Before we conclude, I asked Mr. Kennedy a question at the outset. I am not trying to catch him or anything like that but I want to put it as simply and directly as possible. I asked him whether there was an issue around the timeliness of this legislation. My concern is there is something of a conflict, in that the cost of business has not been analysed. It has come across both from Mr. Kennedy and Mr. O'Brien that the cost has not been analysed and nor has the consequent impact that may or may not have. However, now that the signal has been cleared to the effect that there will be a move from a voluntary to a mandatory situation, does the passage of time cause risk to the existing scheme? In other words, could operators of schemes start winding them down or so forth in this period where there is a proposal for legislation but not enactment? If we prolong the process, does it create additional risk?

Mr. Brendan Kennedy

I think it potentially could. I know of no specific issues but then people would not necessarily tell me. If an employer sponsoring a scheme that currently has a deficit thought that this legislation, for whatever reason, was going to impose an obligation it did not want or could not afford to bear, it might consider taking the steps to wind up the scheme or withdraw its support from the scheme. The details would depend on the specific scheme rules before this legislation came into place. That is a step some employers might be considering.

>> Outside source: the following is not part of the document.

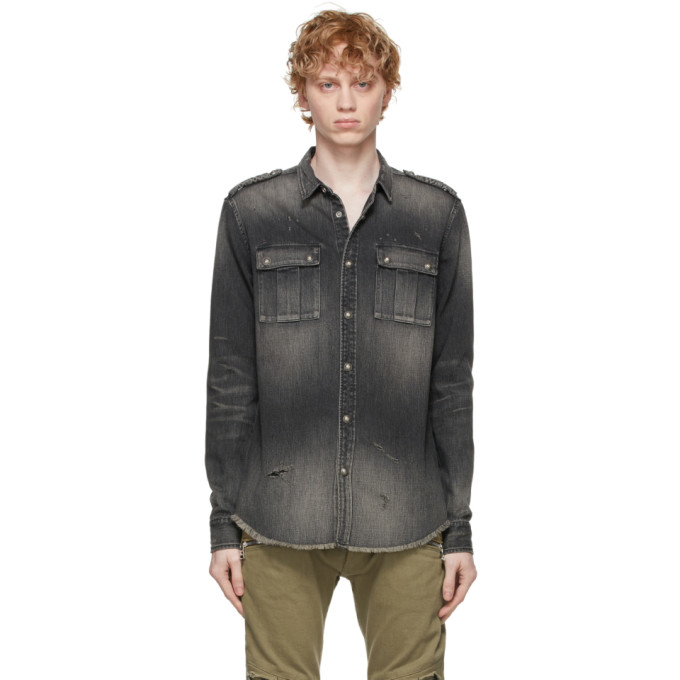 Balmain Grey Denim Embossed Logo Shirt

I thank Mr. Kennedy and call Deputy Brady.

The point to take from the meeting is that the assessment is that because the proper information is not available and there has not been a proper costing or that level of detail, we should do nothing at this point. From my perspective, I do not think that is a fair assessment of this morning's proceedings. There is clearly a huge issue here. Irrespective of delay in this or in any legislation, defined benefit schemes have been plummeting since 1992. We have the figures to hand. Doing nothing is simply not an option in my book. A number of legislative items have been brought forward, this being the most recent. Again, I have put forward the proposition that the Sinn Féin legislation that was brought forward clearly has the mechanisms to stop the profitable companies from winding down their schemes. I have outlined many examples that are in the media, including the examples of Irish Life, Independent News and Media and many others that unfairly, with no consultation with their employees, are winding down their schemes. Doing nothing is not an option. There may be some concerns around this. Giving 12 months' notice, as this Bill currently outlines and proposes, is fair enough.

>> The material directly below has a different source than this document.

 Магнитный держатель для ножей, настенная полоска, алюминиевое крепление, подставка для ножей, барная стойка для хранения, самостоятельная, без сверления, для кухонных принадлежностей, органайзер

I put it to IBEC in particular - because there was not a clear "Yes" or "No" in response to the question that I put to IBEC - that if it is opposed to this legislation going forward, would it support the Sinn Féin legislation? If the organisation has not seen it, I would gladly pass it along. It makes amendments to the Pensions Act, specifically where a healthy sponsor shall not be allowed to close a defined benefit pension scheme except where the scheme has reached a minimum 90% funding standard. Second, it provides that for these purposes, a healthy sponsor means an employer that either has positive net revenue or has a parent company with positive net revenue. Its clear intention is to stop the profitable companies from walking away from their employees that are engaged in a scheme. We are not talking about future schemes or curtailing those but about current schemes that are in operation and stopping profitable companies from walking away. I put that question directly to IBEC, because I take on board what the Pensions Authority is saying.

Just before that is answered, Deputy Kenny had a point.

I apologise for being late; there were circumstances out of my control. I have a question for Ms Lily Toner and Mr. Fergus Courtney. How long was Ms Toner paying into her pension scheme? I will be honest and say that I do not know much about this area. On reading about it, however, it is quite unjust to say the least.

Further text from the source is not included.